Queria que muita coisa fosse diferente. Uma boa quantidade, aliás. Embora não saiba precisar, não neste momento e nem mesmo tenho muita certeza de quais dificuldades abriria mão. Porque escolher nada mais é do que fazer isso, deixar ir.

Mas temos a mania de achar que as coisas não são como deveriam. Que temos menos que precisamos, que estamos cercados das pessoas menos agradáveis, que fizemos sempre as escolhas erradas. Aliás, paradoxalmente, abrimos mão das coisas que agora julgamos inadequadas e achamos que vamos acertar no atual deixa ir? É de rir para não chorar nossa capacidade de ter certeza do que não vivemos. E, sinceramente, não sei, tenho dúvidas sobre isso, quanto ao fato de teríamos um melhor discernimento agora.
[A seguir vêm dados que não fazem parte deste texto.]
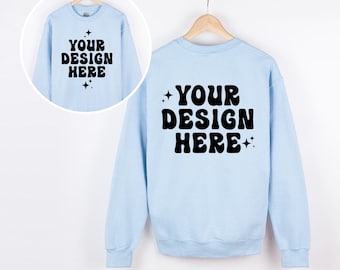 May include: A light blue crewneck sweatshirt featuring the black text YOUR DESIGN HERE in a bold, wavy font, accented by small four-pointed star icons. The design is displayed on both the front and back of the garment, shown on hangers.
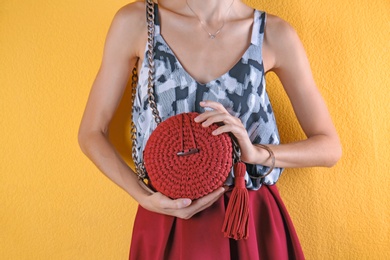 Young woman in stylish outfit with purse on color background, closeup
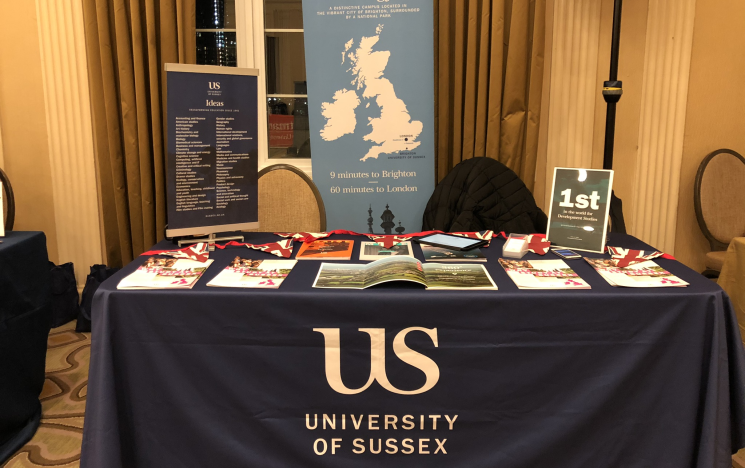 Blue University of Sussex stall inside a building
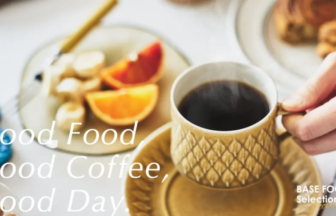 Cup of black coffee in a patterned mug on a saucer with a plate of citrus fruit and pastries in the background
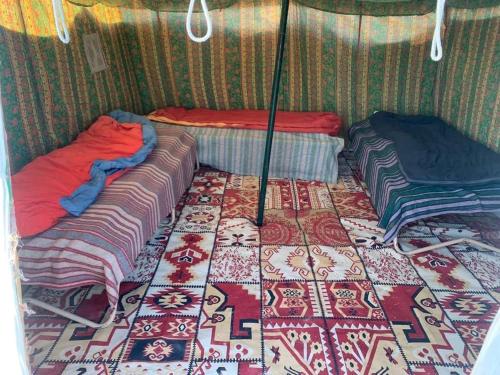 杜兹Private Camp25km-from DOUZ的一间设有两张床的房间和一张地毯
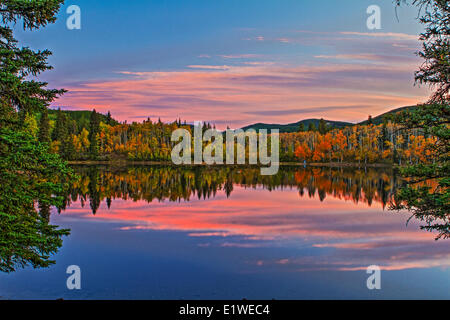 Sibbald Lago come si vede nella caduta di sunrise. Bella riflessioni del cielo e alberi nell'acqua. Foto Stock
E tenho que confessar que gosto assim. Gosto de não ter tantas certezas, de não ter certeza o tempo todo. Gosto de duvidar das minhas escolhas, embora não abra mão do deixar ir nesta minha jornada. É da minha natureza de alma velha e atrevida. Que não saberia viver sem ousar, embora não sinta prazer em afrontar! Às vezes acontece, faz parte do jogo, com a máxima vênia!
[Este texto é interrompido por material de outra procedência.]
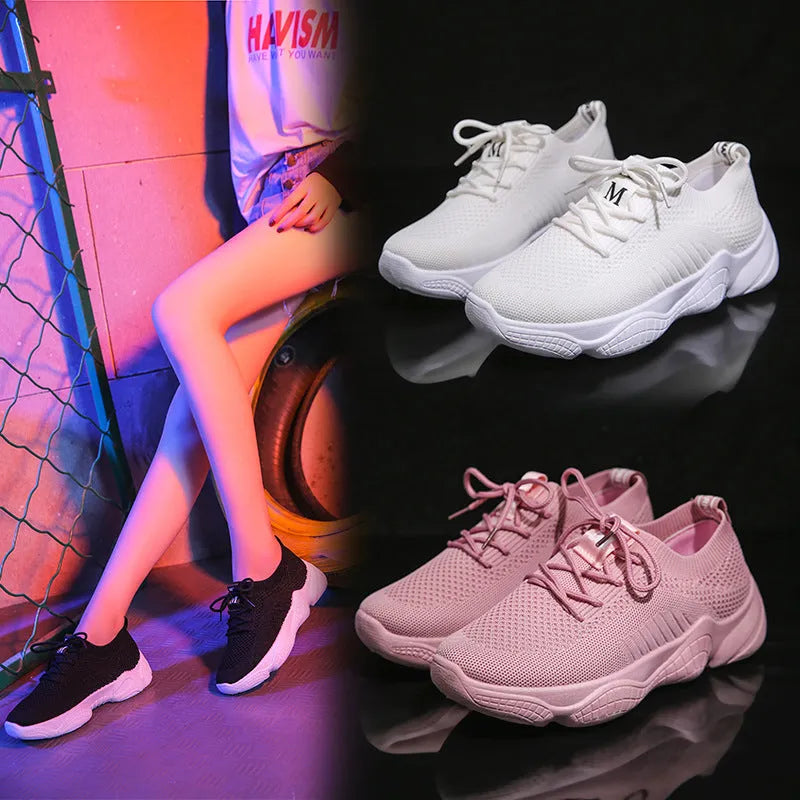 Women's low-top white sport shoes with thick rubber sole and woven upper, showing front strap closure.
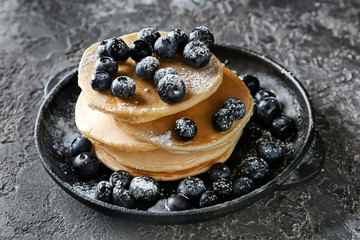 Delicious pancakes and berries on grunge table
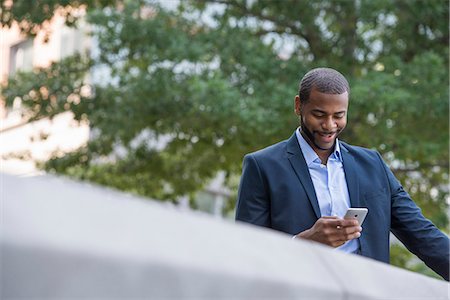 Summer. A Man In A Blue Jacket And Open Collared Shirt Using A Smart Phone. Stock Photo - Premium Royalty-Free, Code: 6118-07121857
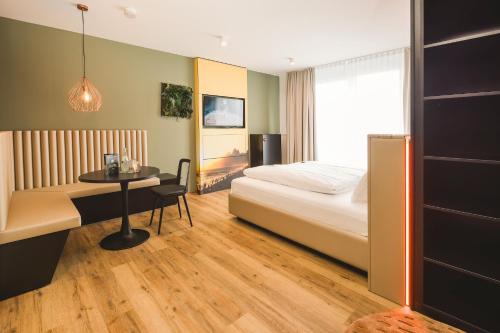 a hotel room with a bed and a table at Rioca Stuttgart Posto 6 in Stuttgart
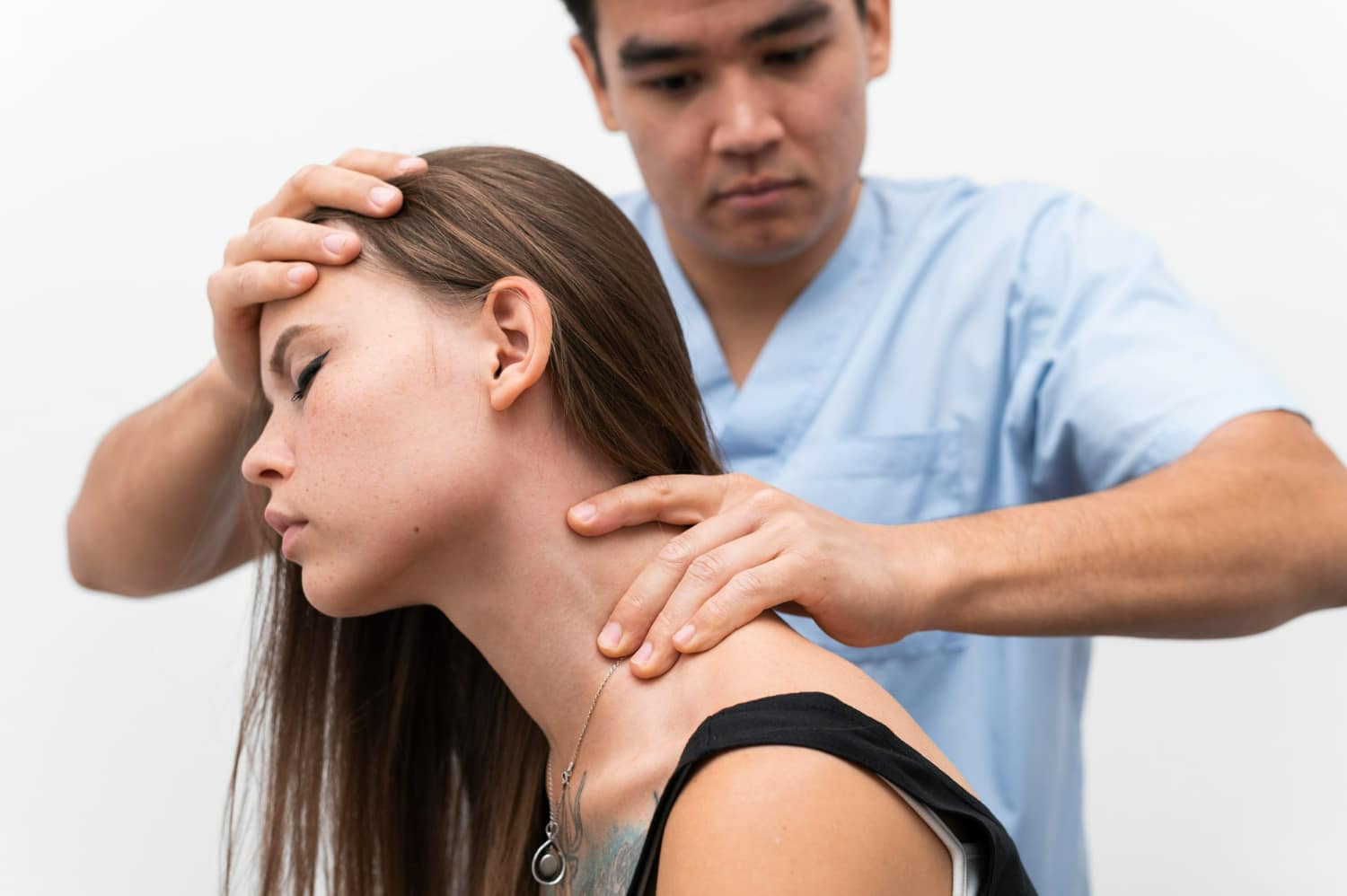 Chiropractic adjustment helping improve neck mobility and posture after a car accident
Queria, talvez, para ilustrar esta reflexão, e digo talvez para não cair na armadilha de ter certeza, que eu fosse menos solitário e menos falante. Talvez se fosse menos solitário, seria menos falante. Ou vice-versa. Mas não sei se seria interessante pagar o preço de ser tão diferente de mim. De abrir mão das minhas conquistas, não obstante para isso, um imensidade de deixa ir. Haia vista ter insistindo tanto neste caminho. Ter trabalhado tanto para ser quem sou. Não que goste de tudo que compõe a minha complexa individualidade. Não que exista alguém goste de tudo em si. Mas se você não gostar daquilo que se tornou, apesar do direito de ser cada dia melhor, o que implica ser diferente, você não compreendeu nada sobre a necessidade da relatividade da vida. Aliás, uma das poucas certezas, fato inquestionável, a relatividade da vida. Componente dos mais fascinantes desta magnífica viagem! E isso é extremamente grave. Porque, desta forma, prisioneiro desta perigosa ilusão, você vai achar que seu ponto de vista é a mais pura expressão da verdade. E esta, a verdade, é tão escorregadia quanto aquela velha questão que sempre intrigou os grandes filósofos: “de onde viemos e para aonde vamos?”

Portanto, não resta dúvida, tenho certeza, ou ainda que não a tenha, é mais prudente, de fato, digo que devemos continuar, de cabeça em pé, continuar fazendo nossas escolhas. Que é o que faz com que as coisas sejam como são. E cabeça em pé e apenas olho no olho, sem a outra ilusão também deveras nefasta de superioridade. Queremos que as coisas sejam diferentes? Façamos escolhas diferentes. Invistamos mais em reflexão e menos em julgamentos. Mais em compreensão e menos em solidão. Mais em nos ligar às pessoas, ao coração das pessoas, apesar das diferenças, do que em ter razão!

Queria que muitas coisas fossem diferentes. E sei que muitas delas não dependem de nós. E por isso mesmo não vale a pena sofrer por elas.

Mas nas que dependem do nosso direito inalienável ao deixar ir, abramos mão de nossos sentimentos ruins, daqueles que tornam nossa vida mais pesada e triste.